Tesla is the heart of Musk’s empire because it’s the source of Musk’s cash. Because he doesn’t want to lose his stake in the company he avoids selling his stock, preferring to borrow against its value (he also avoids capital gains taxes this way). Though this provides him with a huge amount of cash by any reasonable standard, the exact amount of which is unknowable, it’s a fraction of his paper wealth. Between late 2021 when he sold roughly $20b in Tesla stock and 2022 when he dumped it all into the Twitter deal, may well have been the absolute peak of his cash-on-hand liquidity.

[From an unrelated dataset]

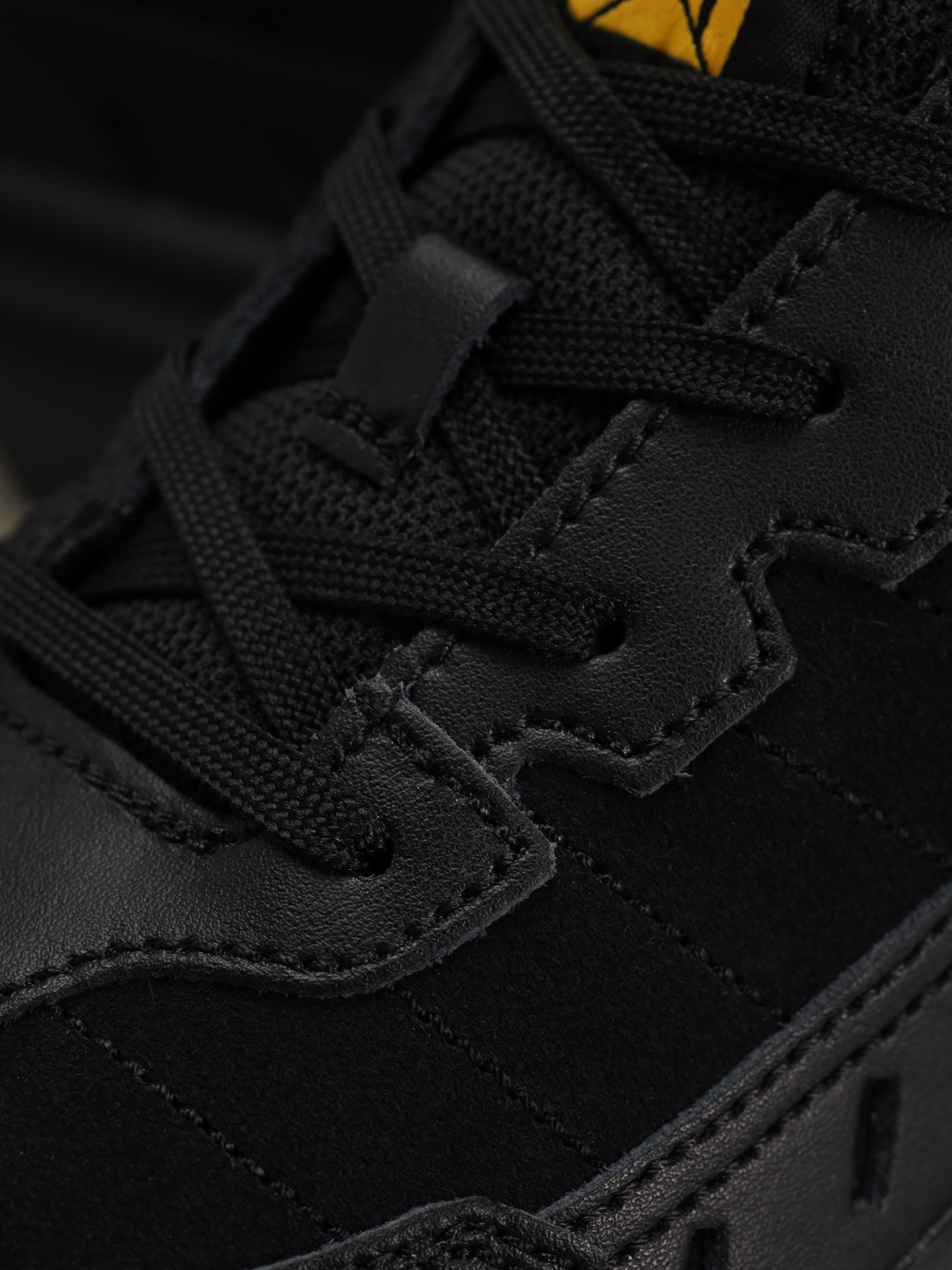 Boty Caterpillar Intruder Essential (black/black)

That means if Tesla goes bankrupt, Musk has a cash crunch. Before that happens, once Tesla stock goes below a certain price, Musk gets a margin call that forces him to sell more stock, fueling a death spiral. When that takes place, Musk can only sell chunks of his remaining non-businesses to the most desperate chumps he can find, effectively burning the furniture for firewood. All of that wealth represents confidence, not functioning profitable businesses, and once confidence starts to ebb it tends to do so with accelerating speed.

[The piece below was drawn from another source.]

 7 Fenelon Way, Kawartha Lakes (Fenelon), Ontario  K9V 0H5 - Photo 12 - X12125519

Tesla is the symbol of Musk’s midas touch, and it’s the source of his tangible cash. It’s also the Musk company that’s most dependent on consumer taste and public goodwill, giving the public countless touch points for social pressure of all kinds. The direct line between making the Tesla brand toxic, pushing Tesla into bankruptcy, and bringing Elon Musk’s entire empire down around his ears makes this the perfect lever on which to push back against this unelected oligarch.

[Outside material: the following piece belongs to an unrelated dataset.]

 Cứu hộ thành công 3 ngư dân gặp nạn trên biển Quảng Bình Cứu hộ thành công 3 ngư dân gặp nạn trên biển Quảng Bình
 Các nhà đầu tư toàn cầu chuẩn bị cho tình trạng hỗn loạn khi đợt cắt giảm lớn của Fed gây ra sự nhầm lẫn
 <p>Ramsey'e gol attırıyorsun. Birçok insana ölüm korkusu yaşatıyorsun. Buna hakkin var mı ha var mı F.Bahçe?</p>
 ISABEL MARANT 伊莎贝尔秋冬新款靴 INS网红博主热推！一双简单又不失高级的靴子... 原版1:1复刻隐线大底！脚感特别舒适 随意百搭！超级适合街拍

This is not taking on the cash-printing machines of Facebook and Amazon, which are also products that are relatively difficult to get people to boycott. Tesla is a failing company selling expensive EVs, for which there are many perfectly adequate alternatives. By taking it down, we have the opportunity to bring down a billionaire who is doing untold harm on our government, and the world. The combination of possibility and impact is hard to beat.
Protests are only one way to implement the Tesla Takedown. Anything legal that reduces Tesla’s revenue or increases its costs helps bring this unique opportunity a little closer. Most importantly, spreading information, pushing back against the thoughtless repetition of his mythology, is how we attack the root of the problem. Musk’s empire rests on Tesla’s stock price, which rests on the perception that he must be good at business. When that illusion finally shatters, everything will fall apart.
In the meantime, I’ll see you at the next Tesla store protest.